Monday, May 30, 2011

The Right Train

Once upon a time, the unknowning author jumped on the self-publishing train and rode it with the wind in her hair, waiting to arrive at the ultlimate destination...bestseller success. The train never arrived.

Today, however, one boards any of several trains to reach success. The key is boarding the right train. You can step on the self-publishing train and realize when others reach success that you left your luggage at home. You can ride the traditional train and watch others reach success while you never find the right point to disembark.

Enough of the metaphor. Frankly, you can publish any way you like and find some semblance of success. To some, success is selling ten thousand books and having income to justify not going to a nine-to-five job. Others want the fame. Some crave legendary status.

We have a gazillion options, and that screws with our heads.

Sharon Bailey wrote last week in Writer Unboxed, in a post entitled The State of the Stigma, that a lot of the self-publishing stigma is gone, and some of it still hangs around. For instance, did you notice, as I have, that one can publish an ebook without the self-publishing stigma but go with Lulu.com or AuthorHouse and you fall back into that old "stench" of being a self-pubbing novice? As Sharon states, "These firms stand at the absolute bottom of the self-publishing food chain." No wonder so many writers have swarmed to ebooks.
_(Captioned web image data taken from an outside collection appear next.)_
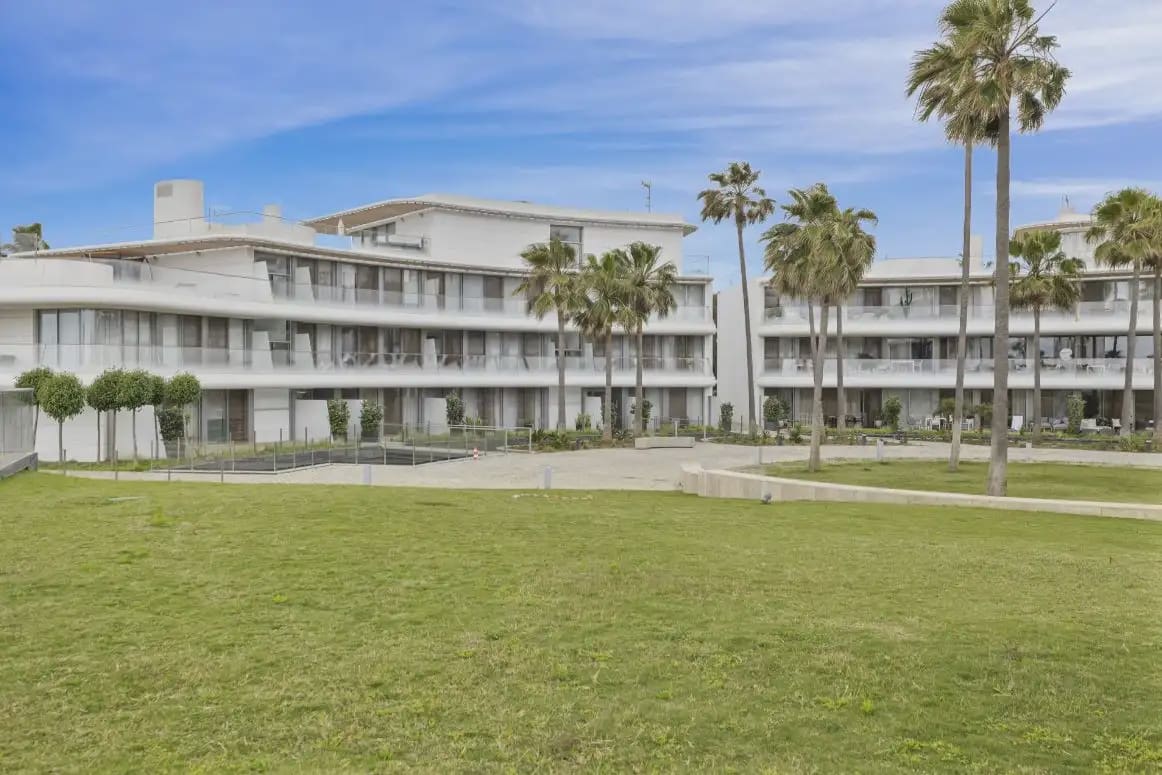 3 chambre Appartement de Plage à vendre à Estepona avec piscine garage - 1 145 000 € (Ref: 10170053)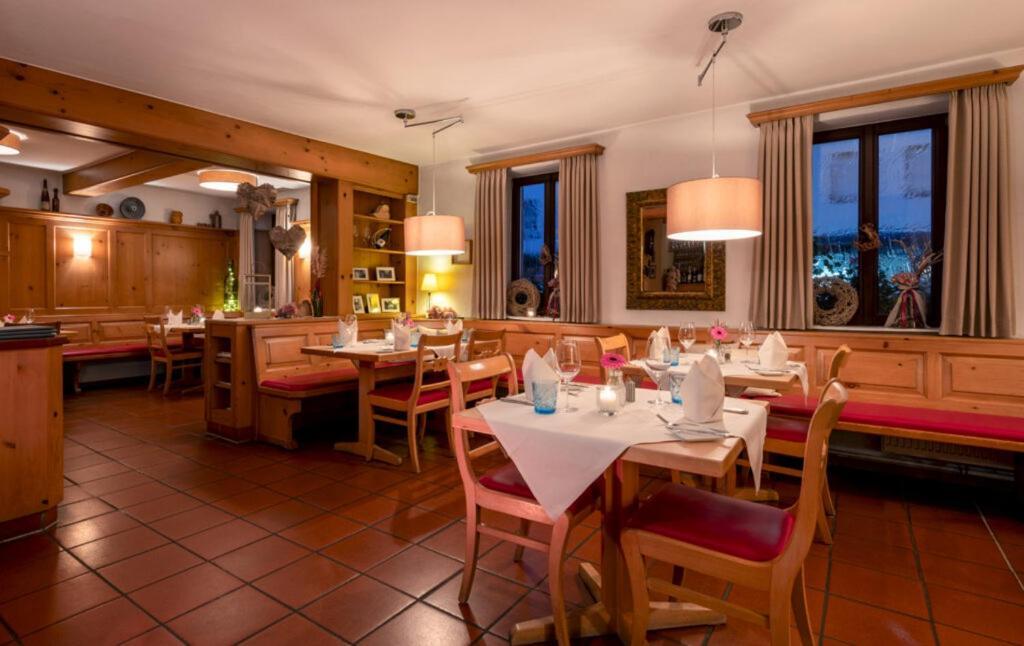 Adler Landhotel Buergstadt Exterior photo
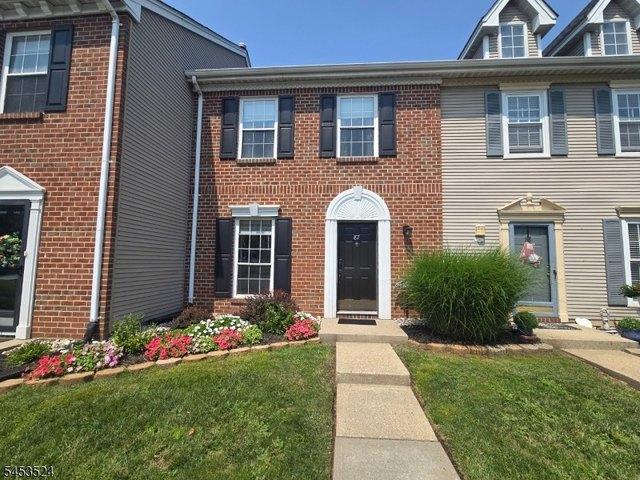 Condo for sale in North Brunswick, New Jersey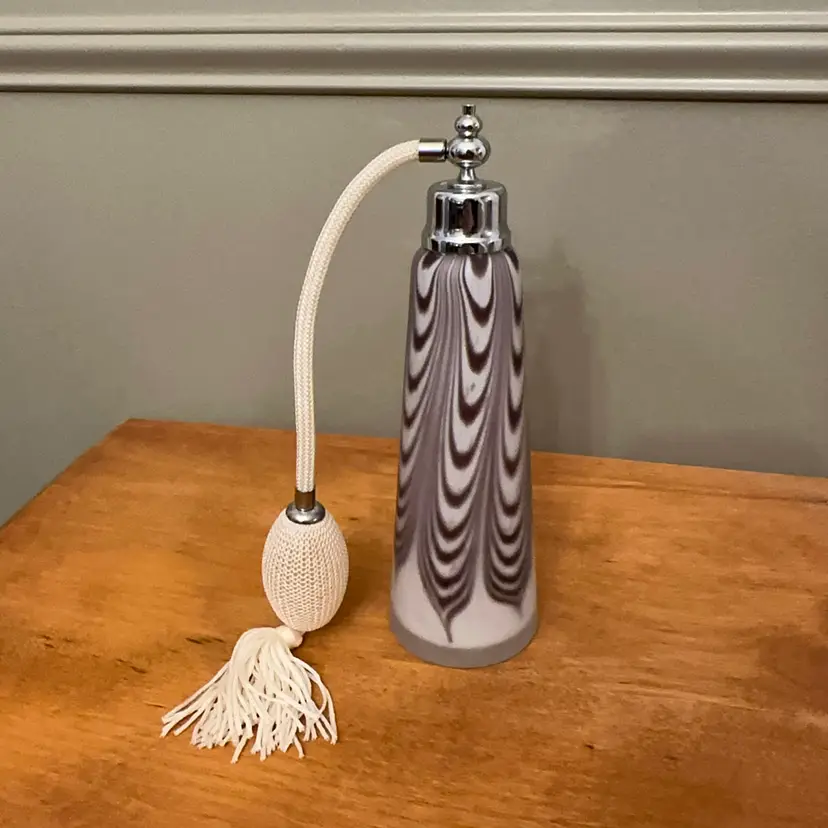 Mag Parfum Perfume Bottle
She practices what she preaches, too. "As an author mindful of conventions, I opted out of using iUniverse when I realized it carried a stigma, even after having signed a contract, used a number of its services and received its Editor’s Choice award. Instead I switched gears to the more widely acceptable approach of purchasing my own ISBN number, assigning it to my very own indie “publishing” company created for this purpose and independently hiring a designer, a copy-editor and a printer. Frankly, it was a hassle. iUniverse had done a terrific job holding had my hand, which made my busy life much easier. But the upshot is I can now set my own price and drop my “publisher’s” name with pride, as if it were a small, literary press."

Cost isn't an issue, though, at least in the long run. You pay for the priviledge of it all. You receive all royalties and foot the publishing bill yourself, or you pay nothing up front and take small royalties. So I don't get into too much argument about the cost. You pay now or pay later.

And while traditional publishers DO open more doors for you versus someone with an iUniverse label on his book, you have less creative license with the design, promotion and delivery of the traditional book. But then, you have to work your BUTT off finding markets for your work - markets that accept self-pubbed works and don't lock-step with the traditional world.

The difference I do see is this. It's only in some circles, but it's in most book review circles and contests, which can make a difference in your plans. A traditional author gets to lead with the name of her publisher. Instant credibility since everyone knows that editors and a board or two approved this book's integrity.

If you fight as a self-pubbed author and build a name for yourself, however, you become a celebrity. Someone from the masses who rose up and thumbed his nose at the powers-that-be. Like Amanda Hocking, you become somebody who defied the odds yet still belongs to the ranks of the common man.

So, you can find success on any train. It's a matter of studying each route, determining which stops you want to make along the way, deciding if the end success is the one you want. I think it's time we realized that we can do whatever the heck it is we want to do. It's nobody's fault, and there is no one publishing savior. There are enough options out there for us to find a way. And if we choose the wrong one, it's on our shoulders, not necessarily the industry's.

1 comment:

Sioux said...

You're so right, Hope. The definiton of "fame" or "success" depends on the writer.